1. If you are given the percentage change in quantity and the percentage change in price, compare the two. If the former is bigger, the ratio is greater than one.

EXAMPLE: When the price of gasoline goes up by 20%, the quantity demanded goes down by 22%. Elasticity is equal to 22% divided by 20%. That’s equal to 1.1, which is greater than one. Demand is elastic.

2. If you are given the change in price and the change in quantity, you have to compute the percentage changes before you can determine the elasticity

EXAMPLE: The price of olive oil is $1.50 a gallon and the quantity demanded is 100 gallons. When the price of olive oil goes up to $2.00 a gallon the quantity demanded is 20 gallons. The change in price is $.50. The change in quantity is 80 gallons. The percentage change in price is .50/1.50 or .33 (or 33% if you multiply by 100). The percentage change in quantity is 80/100 or .8 (or 80% if you multiply by 100). The elasticity is .8 divided by .33, which is 2.4. Demand is elastic.

3. If you are not given the specific change, but you are simply asked the elasticity of demand at a particular point on a demand curve, you can apply the formula that uses the slope of the line.

EXAMPLE: At some point A on a demand curve P=10 and Q = 6. The slope of the line is equal to -2. The reciprocal of the slope is .5 (that’s 1 divided by 2). Multiply that by P/Q or 10/6 and you get .833. Demand is inelastic.

4. If you are given the change in price and the resulting change in total expenditure (P times Q). you can determine whether demand is elastic or inelastic without calculating the actual number.

EXAMPLE. The price of walnut oil increases by 10% and total expenditures on walnut increase. Total expenditures are equal to price times quantity. If total expenditures increased, that implies that the decline in quantity was smaller percentage-wise than the increase in price. Demand must be inelastic.

A SECOND EXAMPLE. (this time with a price DECREASE) The price of patchouli oil goes down by 5% and total expenditures go up. If total expenditures increased, that implies that the increase in quantity was bigger percentage wise than the decline in price. Demand must be elastic.

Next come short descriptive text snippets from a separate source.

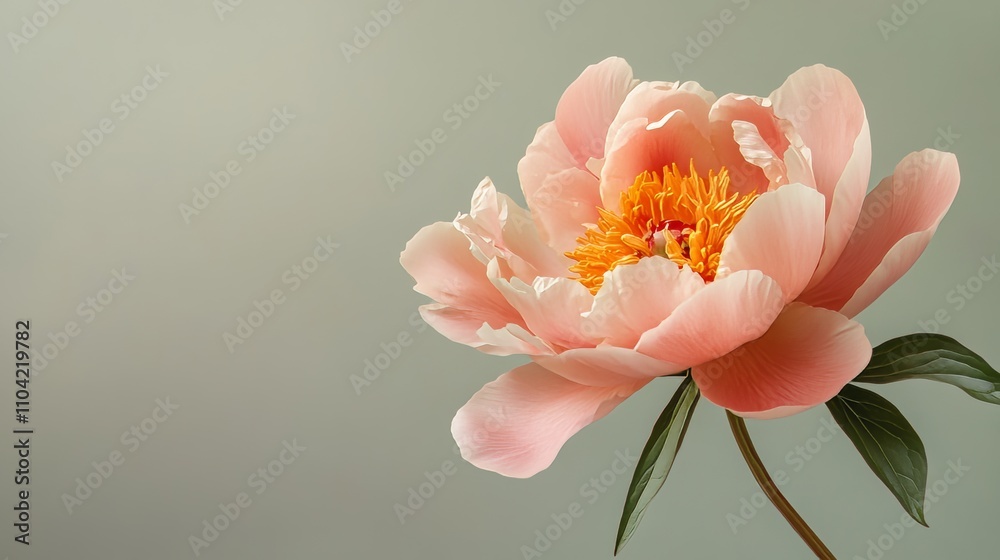 A single soft coral peony against a muted olive background, close-up shot, Minimalist style A single soft coral peony against a muted olive background, close-up shot, Minimalist style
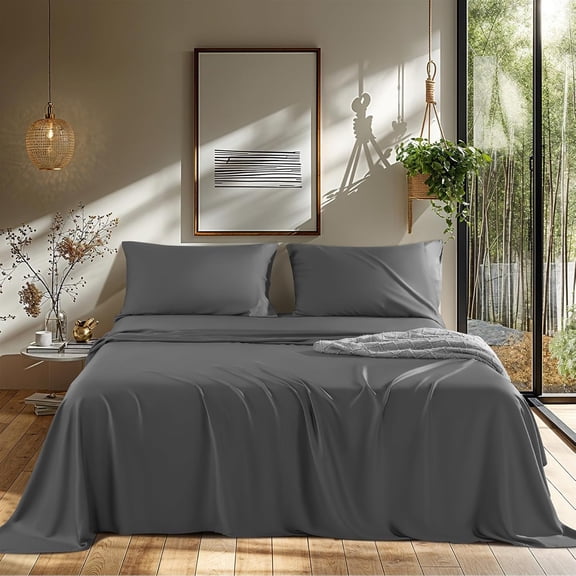 Cooling Bed Sheet Set 4 Piece Queen Size 100% Viscose from Bamboo 1800 Thread Count Soft Silky Smooth Breathable Dark Gray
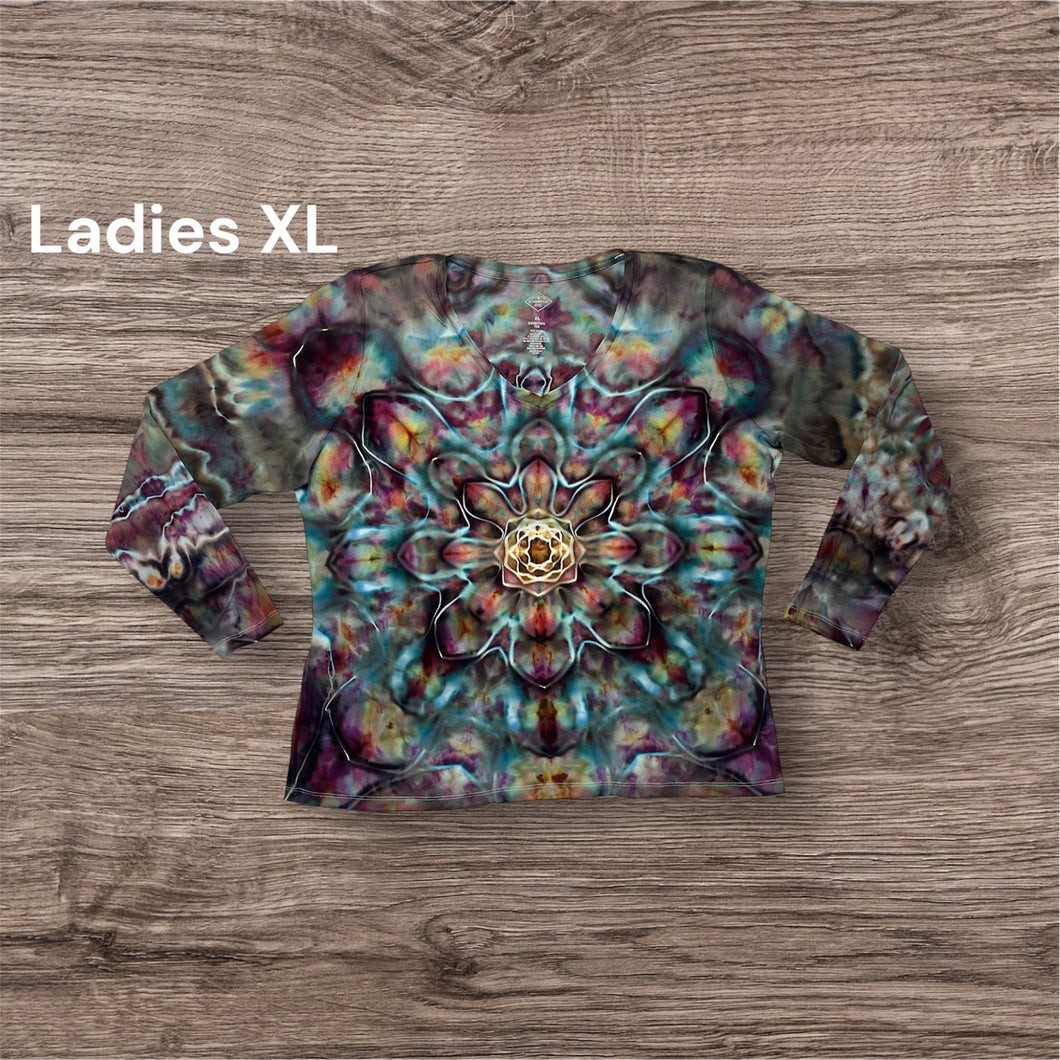 Ladies XL long sleeve,  tie dye design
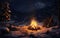 Fireside Glow Campfire Magic in the Heart of Snowy Silence. Generative AI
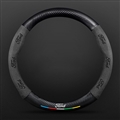 Car Steering Wheel Cover Automotive Interior 3D Embossing Of Suede + Carbon Fiber Leather For Ford F-150 - Black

Interpretations of elasticity are the same for demand and supply curves

ignore the sign of the relationship between Q and P (assume you are looking at absolute value)

if elasticity is greater than one, demand (or supply) is elastic

if elasticity is less than one, demand (or supply) is inelastic

if elasticity is equal to one, demand (or supply) is of unitary elasticity

Elasticity can change along the curve or line–(for demand it declines as you move from left to right (or as Q gets bigger and P gets smaller).

But some curves or lines are more elastic overall than others.

a vertical line is perfectly inelastic

a horizontal line is perfectly elastic

Chapter 6

Key concept: perfect competition.

Brief definition: so many sellers that NONE can affect the market price.

The market price is determined by the intersection of supply and demand in the market. The individual firm is a "price-taker"–and can sell as much as it wants or is able to at that price.

As a result, the individual firm faces a perfectly horizontal demand curve. See Figure 6.4.

Be sure you understand the relationship between the two graphs.